Era notizia di qualche mese fa, nella quale si rendeva noto il disinteresse delle
nuove generazioni al consumo di vino, prevedendo inoltre un progressivo calo dei
consumi per i prossimi 15 anni. Che il consumo del vino non stia attraversando
– per così dire – un periodo entusiasmante, non è più una novità, soprattutto
quello dei vini rossi, spodestati dal loro trono dai bianchi, rosati e spumanti.

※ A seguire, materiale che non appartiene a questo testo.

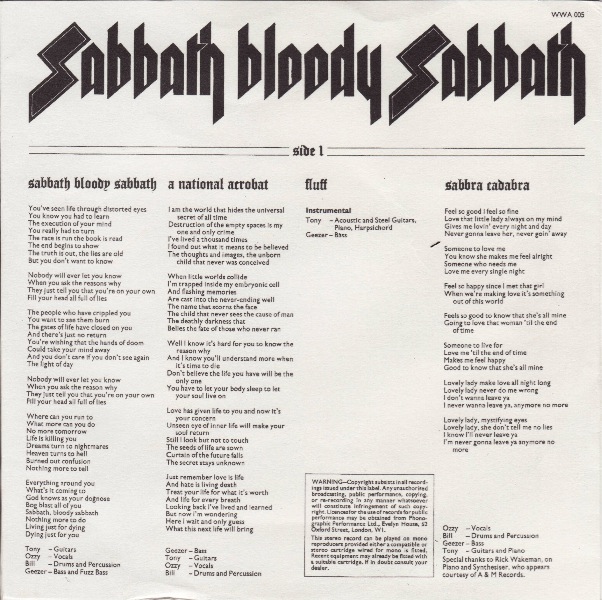 inner sleeve front, Black Sabbath - Sabbath Bloody Sabbath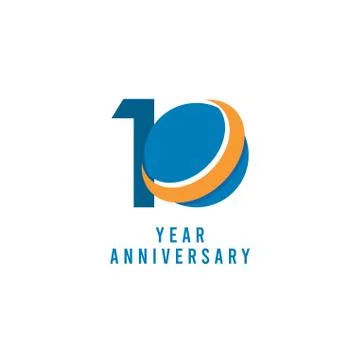 10 Years Anniversary Global Vector Template Design Illustration Stock Illustration
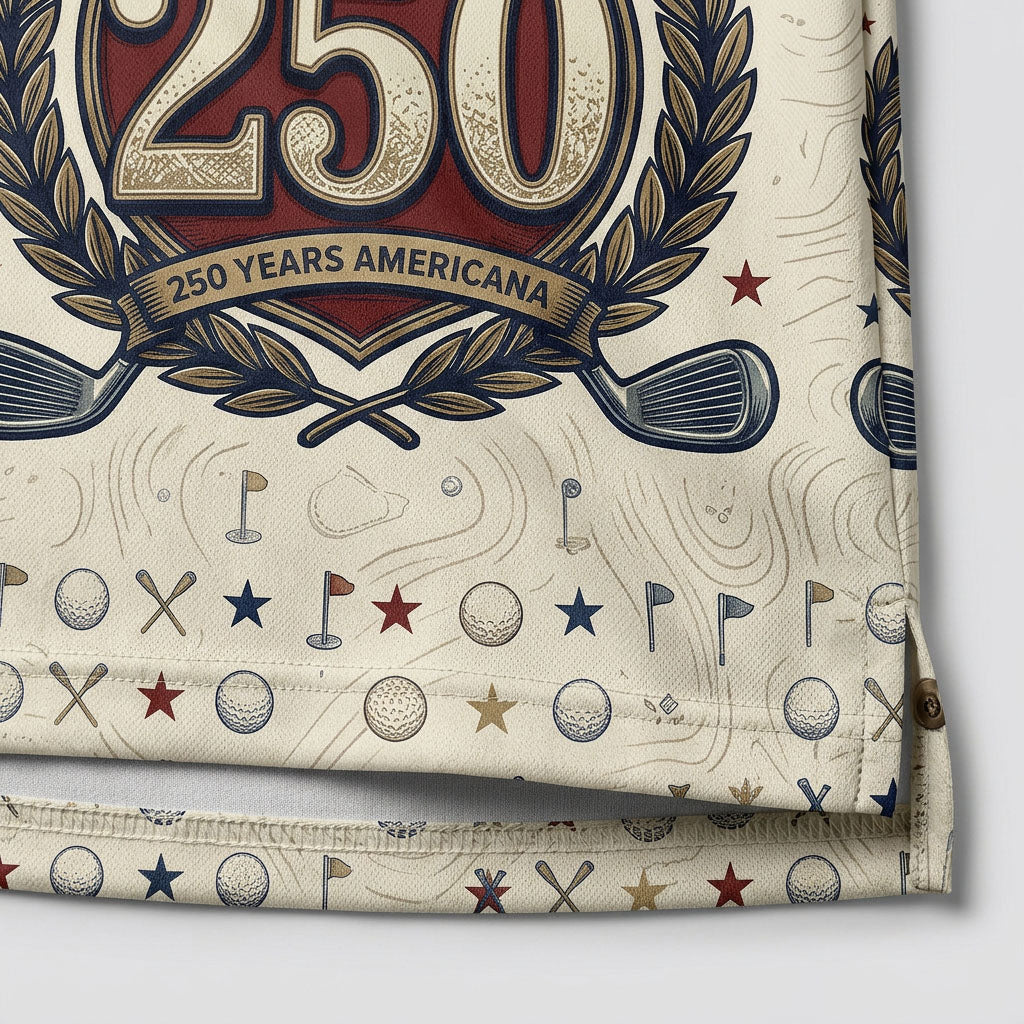 Close-up shot of the high-definition printed bald eagle crest, shield emblem with big 250 digits, and patriotic golf doodle art.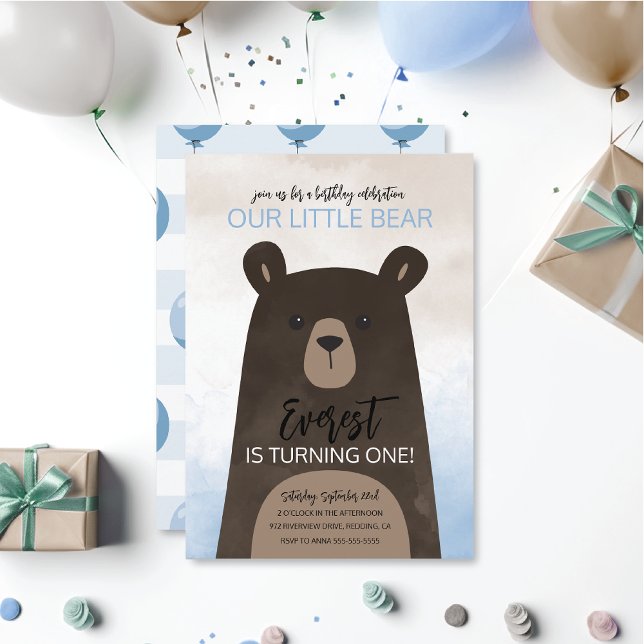 Baby Bear Birthday Einladung mit Blue Balloons (Von Creator hochgeladen)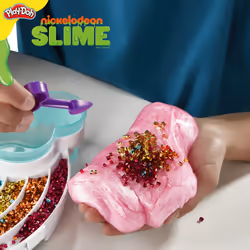 Play-Doh Nickelodeon Slime Brand Compound Rainbow Mixing Set  Pre Made with Add-in Charms  Kids Arts & Crafts Kit  Preschool Sensory Toys  A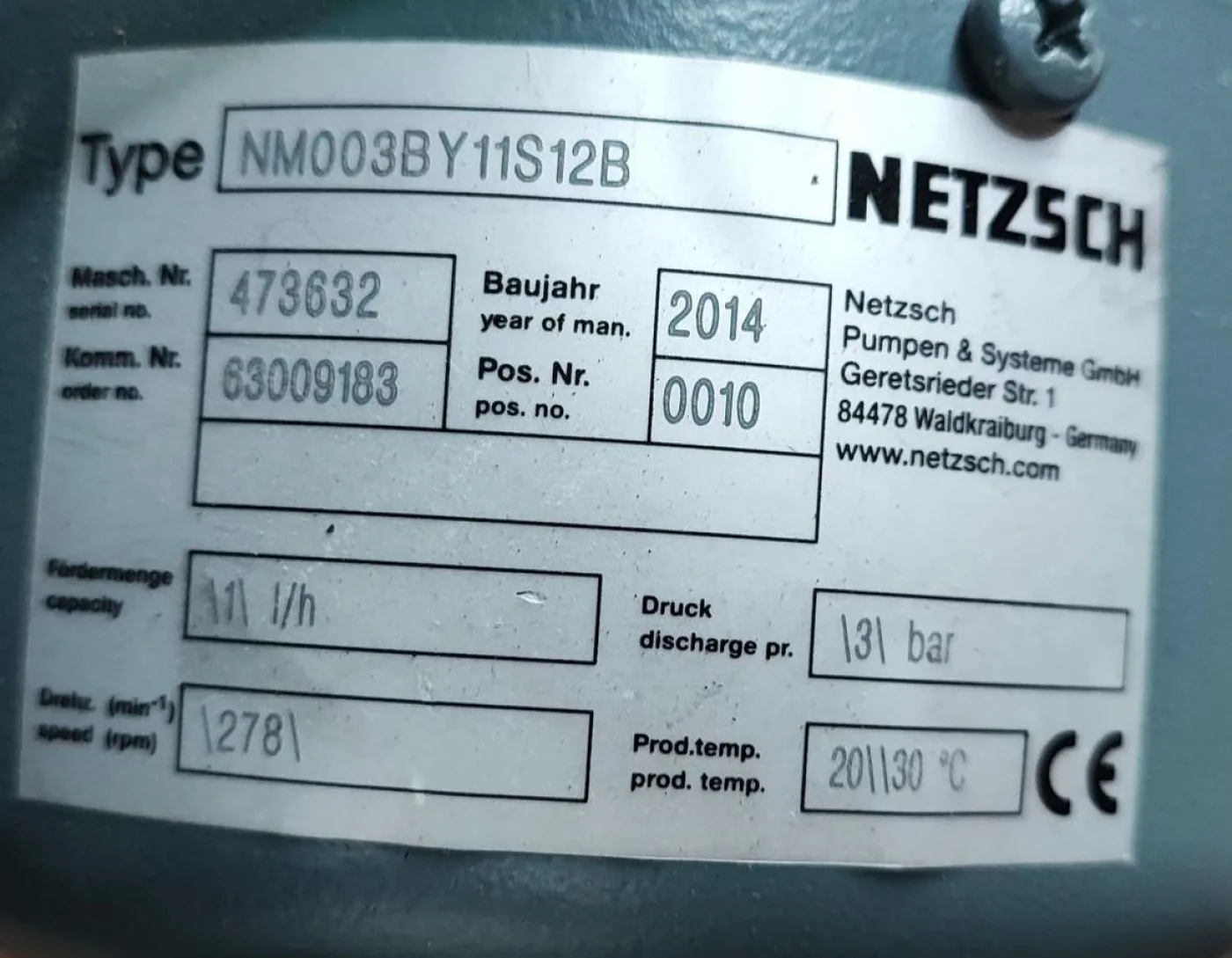Netzsch Exzenterschneckenpumpe NM003BH06S12F mit Motor - 2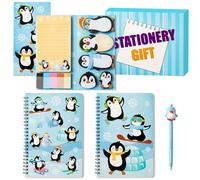 GROBRO7 Kit de 4 notas adhesivas de pingüinos con bolígrafo de pingüinos, cuadernos A5 con forma de dibujos animados, autoadhesivos para niños, estudiantes, profesores, hogar, oficina, suministros de
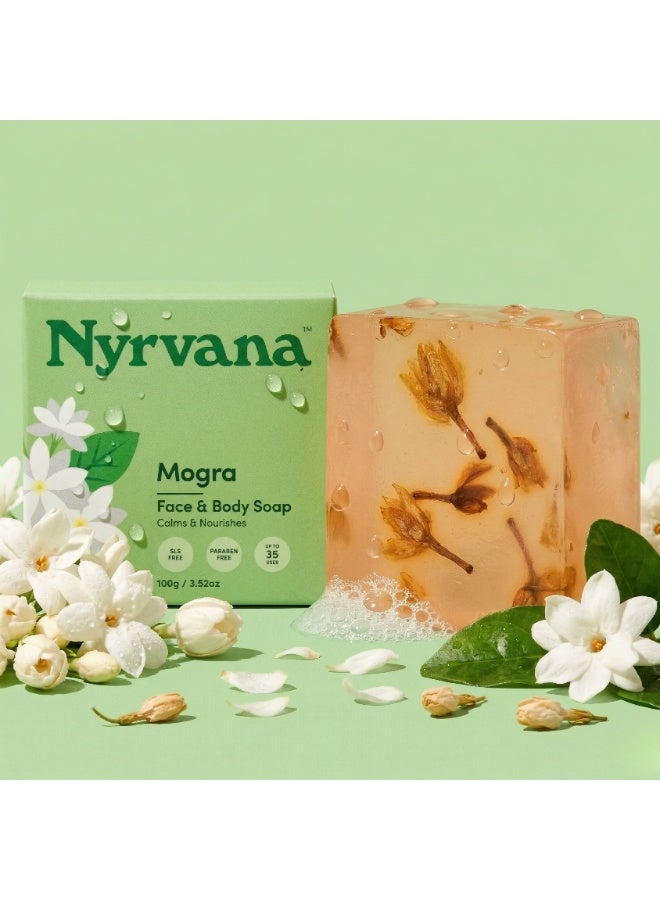 Nyrvana Mogra (Jasmine) Soap 100g (3.52 oz) | Authentic Indian Floral Fragrance | Moisture-Balancing & Soothing | Gentle Natural Soap for All Skin Types - Image 3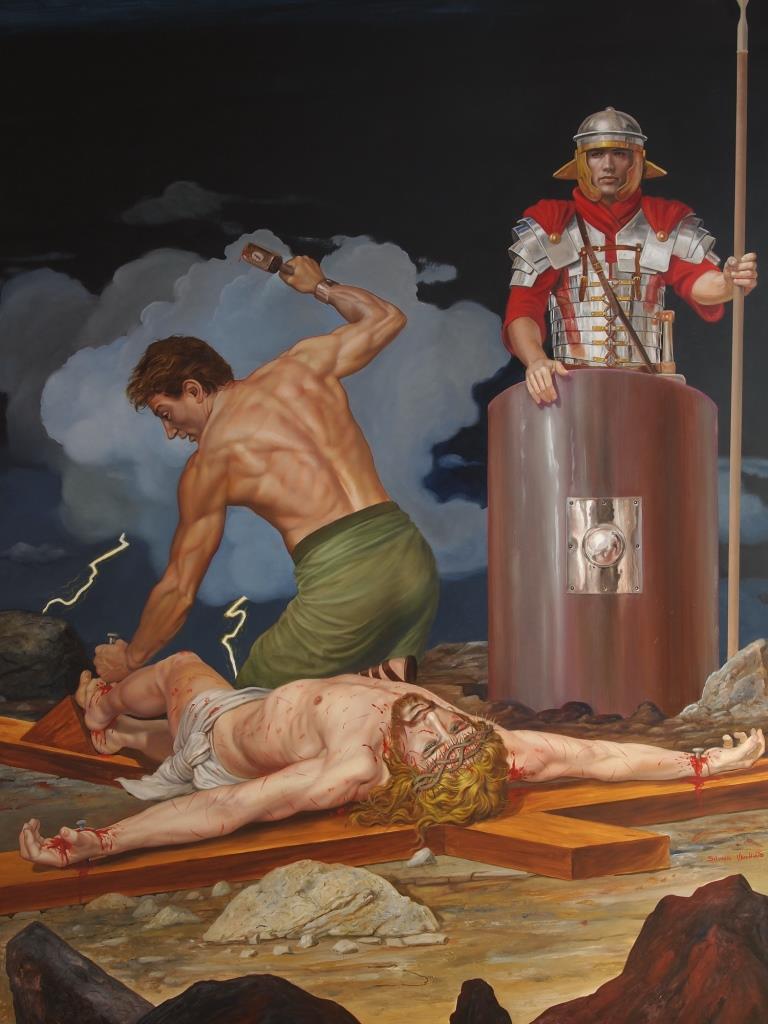 Jesus is nailed to the cross HD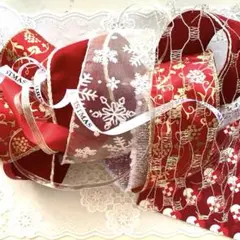 ☆クリスマス☆キリキラ幅広ワイヤーリボン、メッシュ他8種類・ペーパーナフキン付き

In questo senso, hanno svolto un ruolo sicuramente decisivo le campagne di
informazione e l'abbassamento dei limiti legali del tasso alcolemico consentito
per la guida di veicoli. Non è infatti un mistero che i vini a bassa gradazione
alcolica, così come quelli senza alcol o dealcolati – meglio definiti
dealcolizzati – stiano vivendo un momento decisamente positivo per quanto
riguarda i consumi. Va anche detto che, negli ultimi anni, si stanno affermando
nuove bevande con supposti – spesso esagerati – benefici per la salute
e con pochissimo alcol, nonostante nel loro processo di produzione sia prevista
anche la fermentazione di zuccheri per mezzo di lieviti.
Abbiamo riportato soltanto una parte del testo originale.